I KNOW!!!!!!!!!!!!!!!!!  They are always the first thing to go at any picnic.....it doesn't matter how many you have!!!!


----------



## Maverick2272 (Apr 6, 2008)

Amen!! OK, so I don't feel so plain and boring now!


----------



## sattie (Apr 6, 2008)

Sweet relish that has been blended smooth into the yolks, mustard, mayo, salt and pepper.  The tobasco option sounds really nice, I use tobasco in my mustard potato salad!


----------



## miniman (Apr 7, 2008)

Cayenne can add a little more kick when used instead of paprika. I sometimes also put in finely chopped onion.


----------



## buckytom (Apr 7, 2008)

has no one added frank's to their devilled eggs?

for shame! foooorrrrrr shaaaaaaame!


----------



## Loprraine (Apr 7, 2008)

We added some wasabi mayo to them at Easter.  Wow, they were good!


----------



## Chef Mark (Apr 7, 2008)

I generally use the basics and a few 'chefy' ones-whatever my heart desires-usually some heat to them... I agree w/bigjim-make 'em-take'em and they are the first thing to go at a gathering...cheap and easy


----------



## Robo410 (Apr 7, 2008)

depends on the day but mayo spicy mustard s&p and paprika are standards.

maybe bacon, or pickle relish, or smoked salmon or blue or feta cheese.


----------



## bethzaring (Apr 7, 2008)

a bit of horseradish


----------



## RPMcMurphy (Apr 7, 2008)

bethzaring said:


> a bit of horseradish



and some chives, some white wine vinegar.


----------



## middie (Apr 7, 2008)

Mayo, mustard, white vinegar, juice of sweet pickles, celery salt and paprika.


----------



## Beachcomber (Apr 7, 2008)

Thanks everyone for the great responses. 
*Katie E*- I like the crab meat suggestion, will have to try that sometime.
*OSis*- I used your bacon idea, didn't have any chives.
*Maverick*- We usually have the plain ones, but tonight I wanted something different.
*GotGarlic*-I forgot the pickles.
*Babe*- that is our usual also.
*jpmcgrew*- I like all of your suggestions except the cavier and tobasco, DW can't have spicy things.
*kitchenelf*- I agree with the usual stuff at gatherings, if I took anything different they would throw rocks at me. LOL
*bigjimbray*- I agree, just about everyone likes deviled eggs.
*pdswife*- I like the bacon, didn't have any green onions.
*sattie*- have to leave the spicy things out, I will add them later for me.
*miniman-*I like onions DW doesn't. RE
*buckytom*-I love franks, but...........have to fix things without a lot of spice.
*Loprraine*- I have never had wasabi mayo, is that spicy?
*Chef Mark*- again the spicy thing for DW.
*Robo410*- I like the smoked salmon idea, that's something we could try in the future.
*bethzaring*- I like horseradish, DW doesn't.
*RPMcMurphy*- nice spread!
*middie*- Celery salt would have been nice, just didn't think of that.
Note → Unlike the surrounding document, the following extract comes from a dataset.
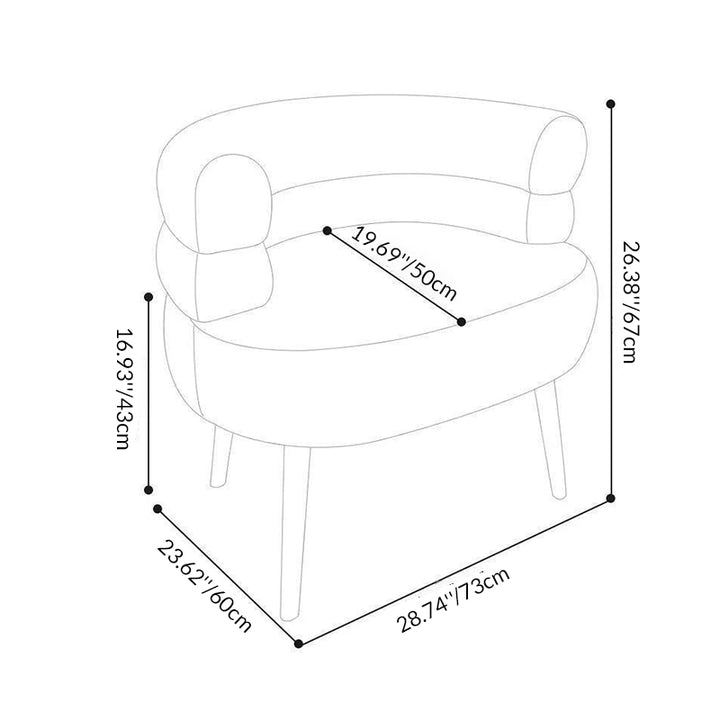 Fauteuil de salon cylindrique semi-fermé en métal et laine d’agneau créative contemporaine avec dossier et accoudoirs pour chambre à coucher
This is what I ended up adding to mine last night. Mustard, mayo, bacon pieces, cheddar cheese and sour cream, then sprinkled paprika on top. They were a hit, but not a replacement for the plain ol' boring usual way.

Again thanks so much for input from all of you. JD


----------



## jpmcgrew (Apr 7, 2008)

Beachcomber, don't give up on the tabasco just yet a few drops wont make it spicy but will help bring out the flavor


----------



## Beachcomber (Apr 7, 2008)

jpmcgrew said:


> Beachcomber, don't give up on the tabasco just yet a few drops wont make it spicy but will help bring out the flavor



Personally I love Tabasco, but I respect DW's tastes when I prepare dishes and omit any kind of spicy ingredients.


----------



## honeybee7 (Apr 24, 2008)

olives, mustard, vinegar, oil,  salt and pepper
*OR*
mashed tuna flakes, oil, lemon juice, black pepper


----------



## Lisa Breuer (Apr 30, 2008)

Pickle relish!  I beat the daylights out of the yolk/mayo/mustard/ketchup and s&p mix with my Braun handmixer, then add pickle relish.  Durkee's sauce is good, and I can see where the other stuff mentioned above would be fun too!


----------



## Nancy Jane (Apr 30, 2008)

Cedar board smoked salmon, fresh dill and a bit of grated cucumber.  Watch the wetness factor with the dressing elements with this one.


----------



## Lisa Breuer (Apr 30, 2008)

YUM YUM YUM!!!


----------